Our Opinion, Editorial and Letters section this time are, as you might expect, full of discussion about the war in which the United States and its allies find themselves. I personally think that this is a situation in which war is justified, but The Panama News is also a forum for people who disagree with me. This time in the Opinion section we reprint a classic from yesteryear, Mark Twain's posthumous 'The War Prayer,' as a sobering reminder of the full enormity of what is underway. The charge d'affaires of the US Embassy here, Frederick Becker, also weighs in the same section, and we reprint the Dalai Lama's thoughts about the situation as well

We have a larger-than-usual Business section this time. It ranges from advice for American expatriates through a regional environmental law initiative to Panamanian advertising wars. The business and economy briefs may, as they often are, be the heart of this paper's coverage about what's important and current in Panama. Rest assured, however, that the biggest story is the aftermath of the September 11 events, and an already horrible Panamanian economy is at least in the short term suffering another cruel blow.

Amidst all the bad news, there are rays of hope. One of those is spotlighted in the Outdoors section --- we can expect some improvements at the Summit Zoo.
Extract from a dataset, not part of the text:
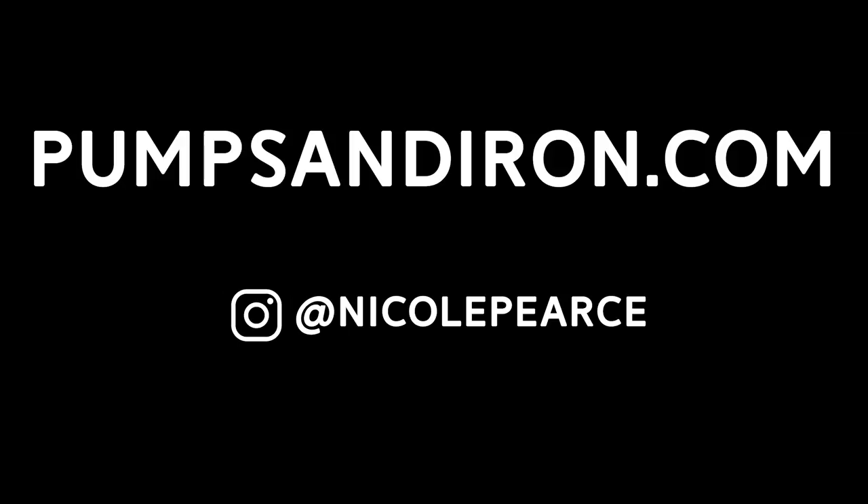Hope you enjoyed that workout. If you did, you know the drill — give this video a thumbs up, share it with your friends, and if you haven't already, be sure to subscribe to my channel. Why don't you follow me on Instagram too, at Nicole Pierce. I'll see you next week with another workout. Bye!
By the time that the next issue appears, several Panamanians will have made it to Major League Baseball's post-season. Sadly, for this Tigers fan, one of them will not be Detroit infielder Jose Macias. But next year.

As we went to press it seemed that the New York Yankees' Mariano Rivera and Ramiro Mendoza, Cleveland's Einar Diaz and Oakland's Olmedo Saenz would make it to the post-season. Also in October, due to a postponement forced by attacks on the United States, Pedro Alcazar will be defending his WBO super-flyweight crown. Go to the Sports section for the latest details.

The new war has also forced a postponement at the Theatre Guild of Ancon, as his employer The Dallas Morning News has sent Tod Robberson, one of the actors in the guild's new show, to the Middle East. However, the show appears to be going on, but just a month or so late. Read the latest details in the Arts section.